You forget that the INSPIRE content is not the same as the arXiv content. Only about half of our records come from arXiv. And we have only a very selective part of arXiv. Where arXiv categories are split in subcategories we barely have records. For core records the big categories are p (9k), t (7k) and e (5k) which we might want to break down into smaller sub-categories; which SPIRES used to have, but that was before my time. Actually SPIRES had categories before arXiv existed.
The assignment of categories has to be feasible which it is not if the categories are too finegrained. It's mainly Florian and me who assign categories to the non-arXiv stuff, not a bunch of moderators.
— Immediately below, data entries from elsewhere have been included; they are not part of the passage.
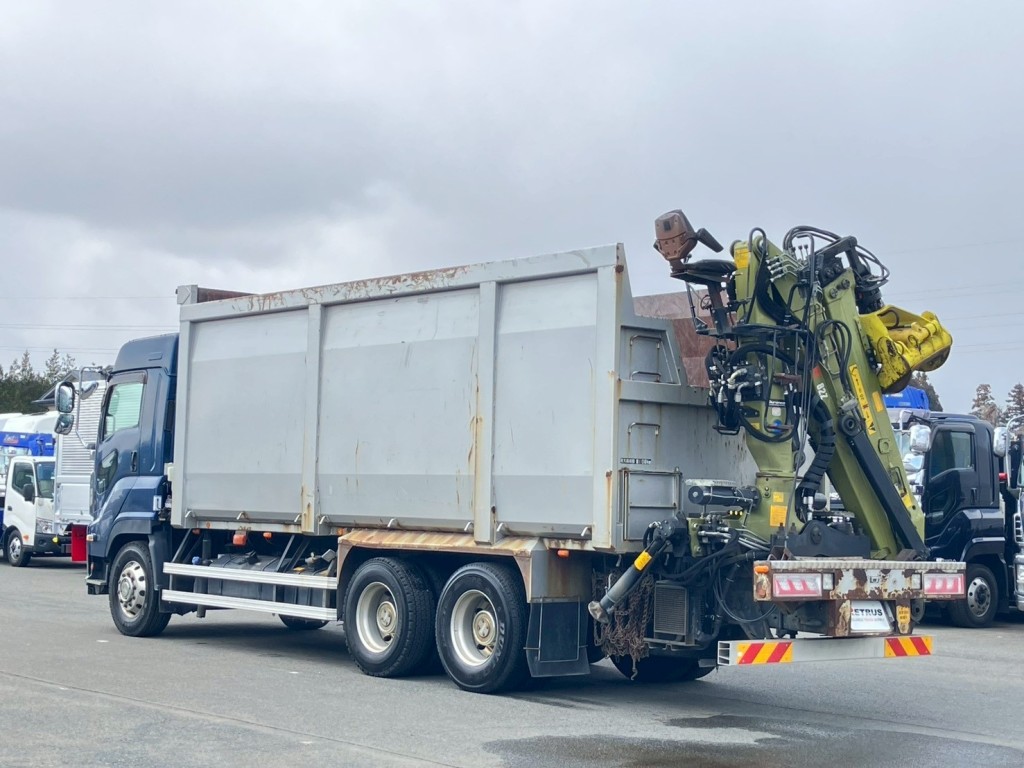 いすゞ ギガ 2PG-CYZ77CMの写真3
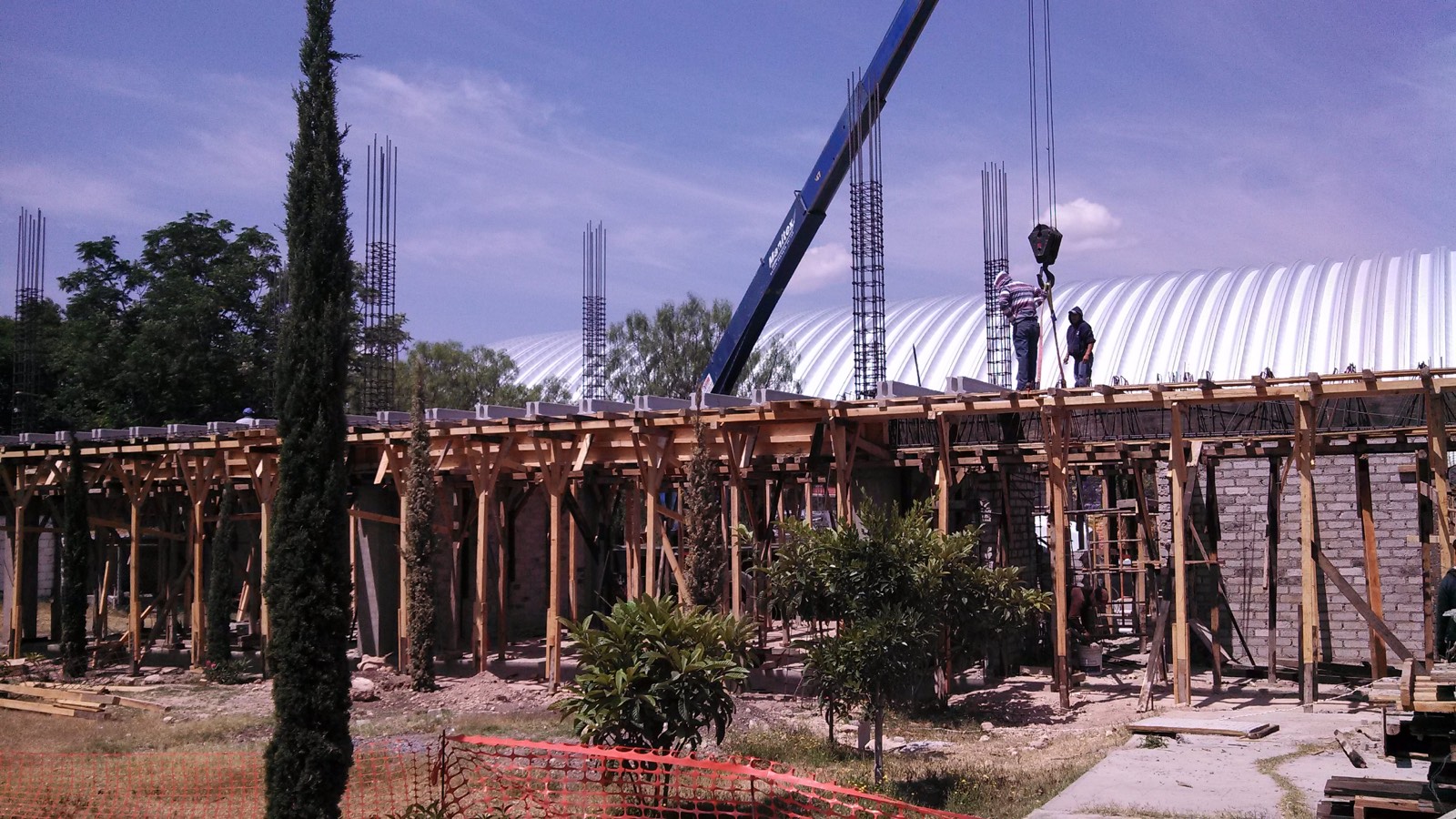Montaje en obra con grúa: colocación de elementos prefabricados de concreto sobre estructura apuntalada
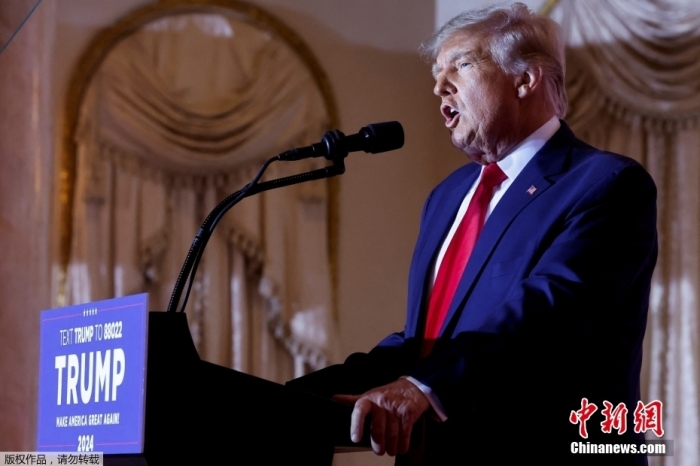 當?shù)貢r間2022年11月15日，美國前總統(tǒng)特朗普在佛羅里達州海湖莊園發(fā)表演講，正式宣布將參加2024年美國總統(tǒng)大選。據(jù)美媒報道，特朗普已正式提交文件加入2024年總統(tǒng)競選。這是特朗普第三次發(fā)起美國總統(tǒng)競選活動。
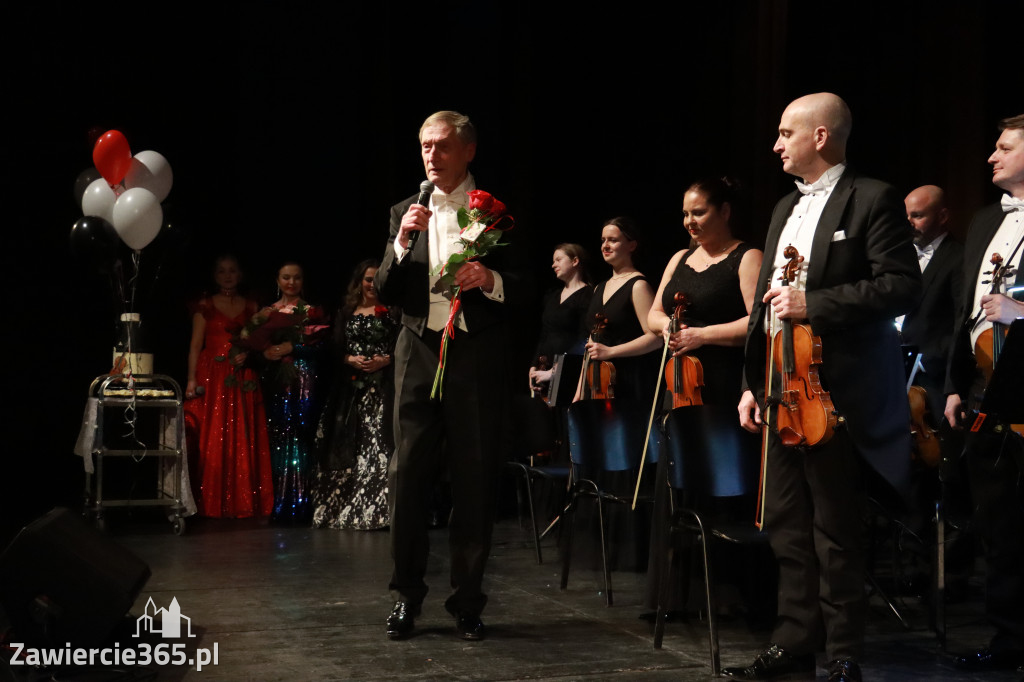 Fotorelacja II: Koncert Jubileuszowy Macieja Niesiołowskiego w MOK Zawiercie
Lesson learned from the reharvest of nucl journals, where we used magpie to guess the subject. 10% I dumped right away, for about 20% I went through and made corrections, about 70% were useful. Which means even if we run magpie over everything that doesn't come from arXiv we still have ~7k/y to assign manually.
@ksachs thanks for you comments. I agree that having categories is very useful, I just think those categories should be closer to the arXiv ones that people know. In this way we can avoid having our users learn and remember what from their point of view is a new classification scheme which is very similar yet subtly different in some areas.
The main use-case was that people would browse (we even had printed lists) through the daily inputs in their category. And from the arXiv listings I believe this is still the case.
People browse the new arXiv listings (e.g. hep-th/new), it would actually be very nice if one could do the same on INSPIRE, with all new papers in a given category. So by adopting arXiv categories on INSPIRE, one could get, say, arXiv hep-th + non-arXiv hep-th additions.
Btw: other = non-physics
I know that Other = None of the rest, but in order to know what it means precisely one has to know all the other categories that we have
You forget that the INSPIRE content is not the same as the arXiv content. Only about half of our records come from arXiv. And we have only a very selective part of arXiv. Where arXiv categories are split in subcategories we barely have records.
That's why it would be good to facet in a hierarchical way, so that we can have the full math category collapsed into math at first, but with possibility to expand it if one is interested in math.RT but not math.AP.
The assignment of categories has to be feasible which it is not if the categories are too finegrained. It's mainly Florian and me who assign categories to the non-arXiv stuff, not a bunch of moderators.
I was mentioning moderators for the arXiv content. For non-arXiv, we could do it ourselves, but based on the arXiv top-level categories if it's something we don't care about (so physics or math or cs or ...).
Lesson learned from the reharvest of nucl journals, where we used magpie to guess the subject. 30% I dumped right away, for about 20% I went through and made corrections, about 50% were useful. Which means even if we run magpie over everything that doesn't come from arXiv we still have ~10k/y to assign manually.
What I have seen of magpie was very impressive. I would guess that magpie didn't have good training data in this case. By adopting arXiv categories, we could very easily train magpie on the arXiv corpus.
Currently INSPIRE categories are stored at the same level of arXiv categories and other externally provided categories.
However, while cataloger are not supposed to touch externally provided categories, they are instead expected to curate INSPIRE categories. This poses INSPIRE categories in a privileged place.
It is proposed to move INSPIRE categories on a dedicated field, so that they are easier to edit (e.g. autocomplete can be enforced on the exact INSPIRE categories).